Work to be completed:
Find the line containing "Eetkamerset Victorville 285" in the entries; transcribe it and all remaining lines through the end, exactly as they appear, but not the pictures.

-- Exercise input follows --

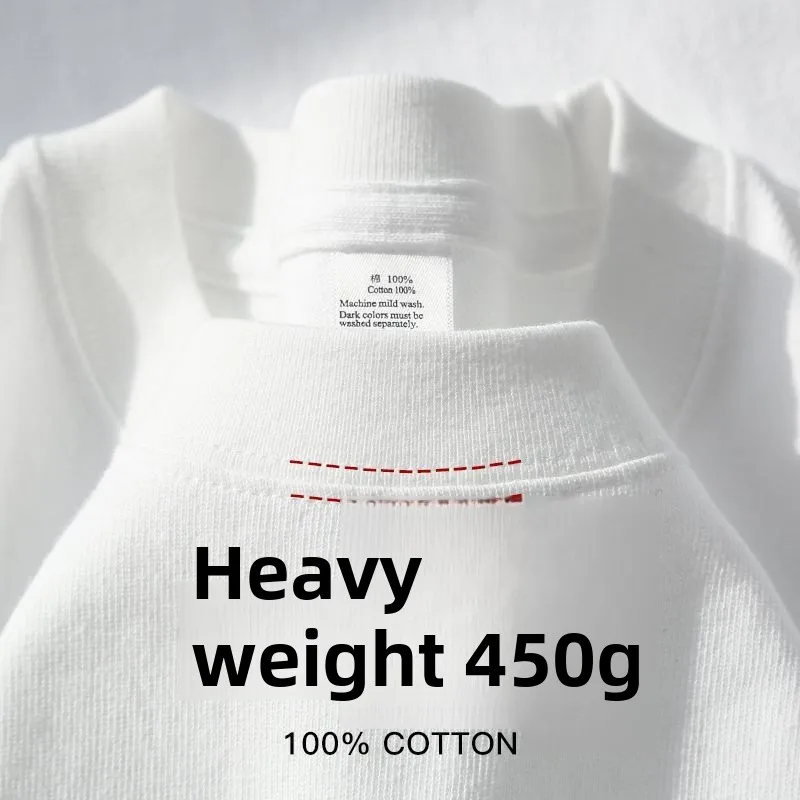 Xin Jiang Cotton 450g M2 Heavy Cotton Short-sleeved T-shirt Men's and Women's Bottoming Shirt Summer White Round Neck Loose 2025 image 4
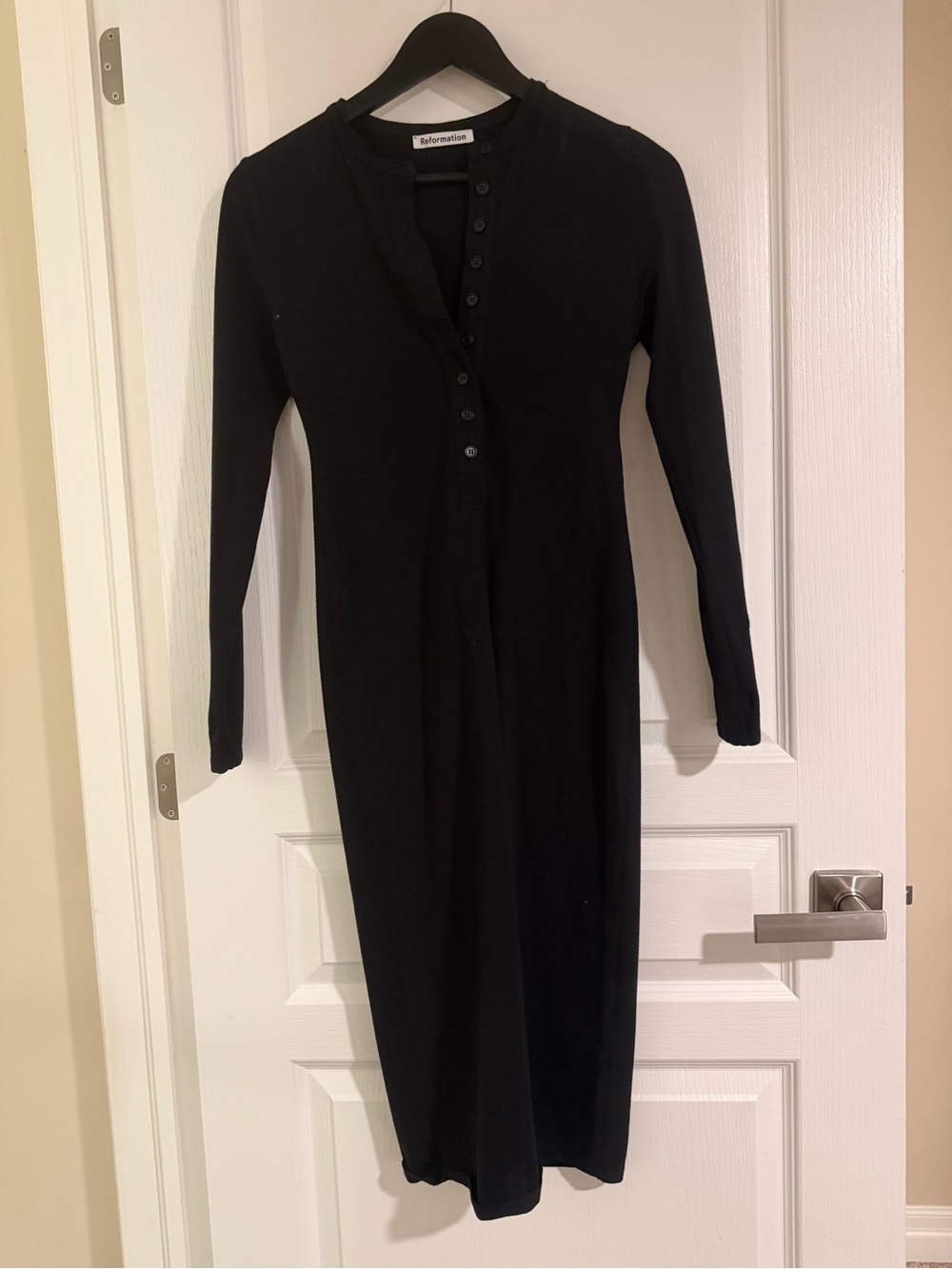 Reformation Black Long-Sleeve Button-Front Midi Dress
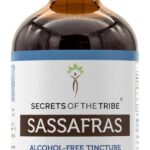 Tintura de Sassafrás Sem Álcool Secrets of the Tribe - Extrato Natural de Casca de Raiz 4 oz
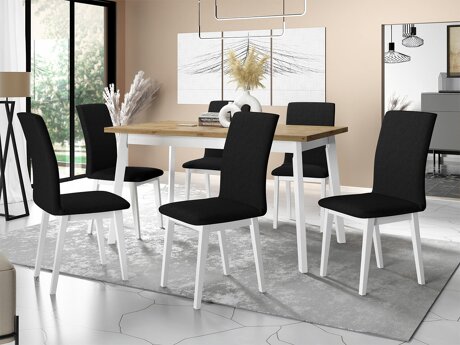Eetkamerset Victorville 285 (Artisan eiken + Wit)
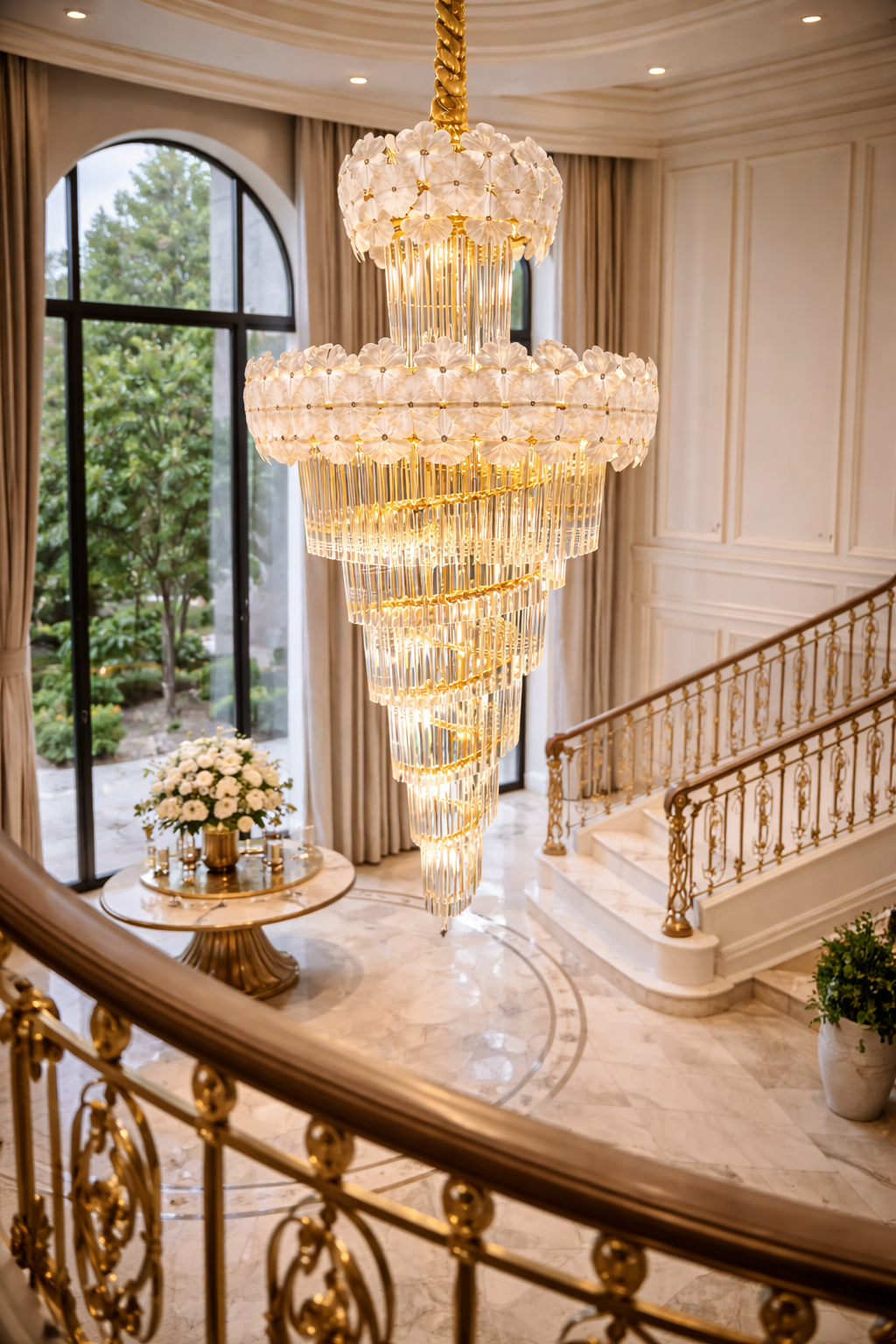 Double Floral Crown Crystal Chandelier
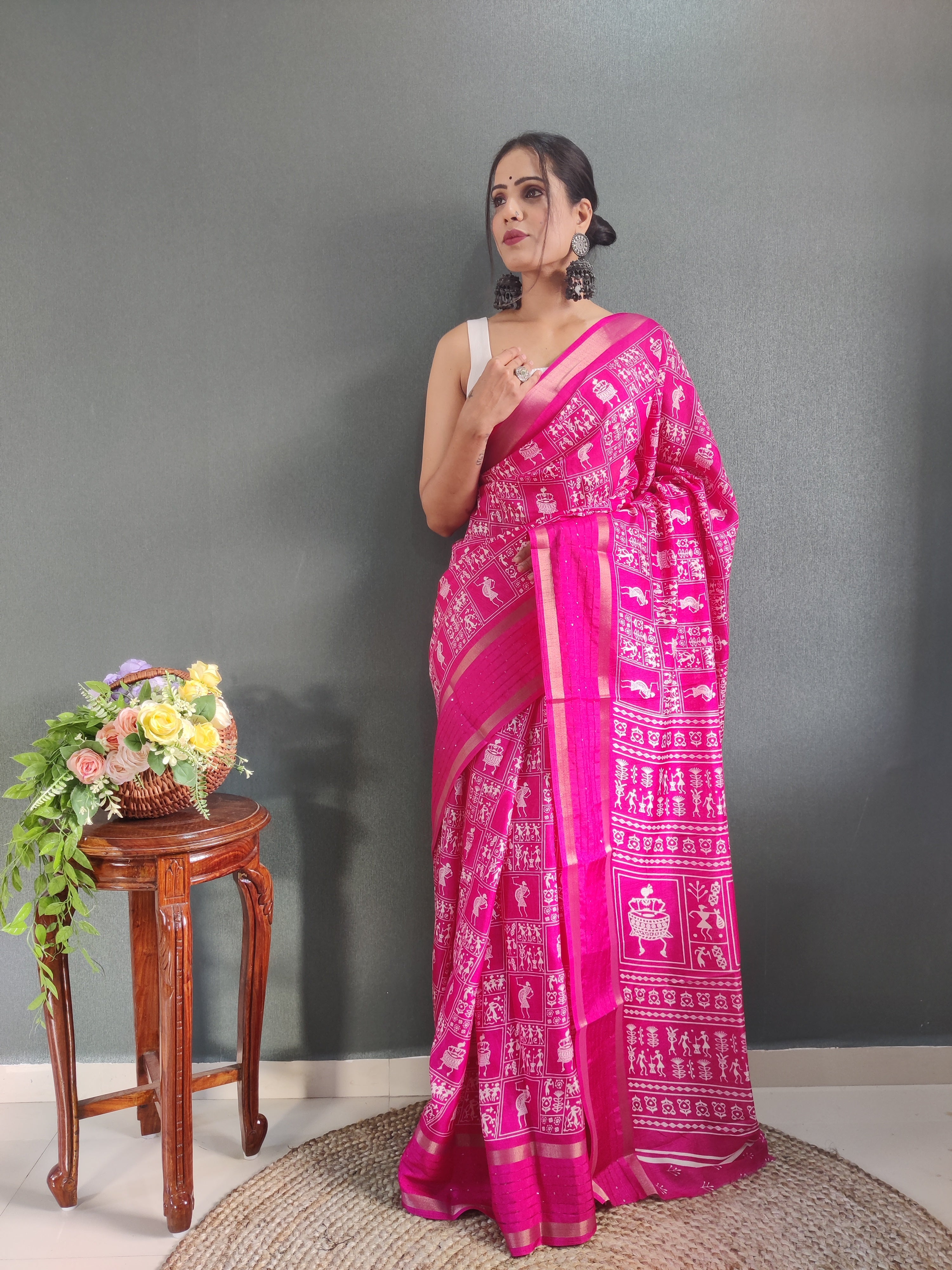 Fancy Dola Silk Jaipuri Print Rani Pink Saree Divashree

-- Exercise input concluded --

Task answer:
Eetkamerset Victorville 285 (Artisan eiken + Wit)
 Double Floral Crown Crystal Chandelier
 Fancy Dola Silk Jaipuri Print Rani Pink Saree Divashree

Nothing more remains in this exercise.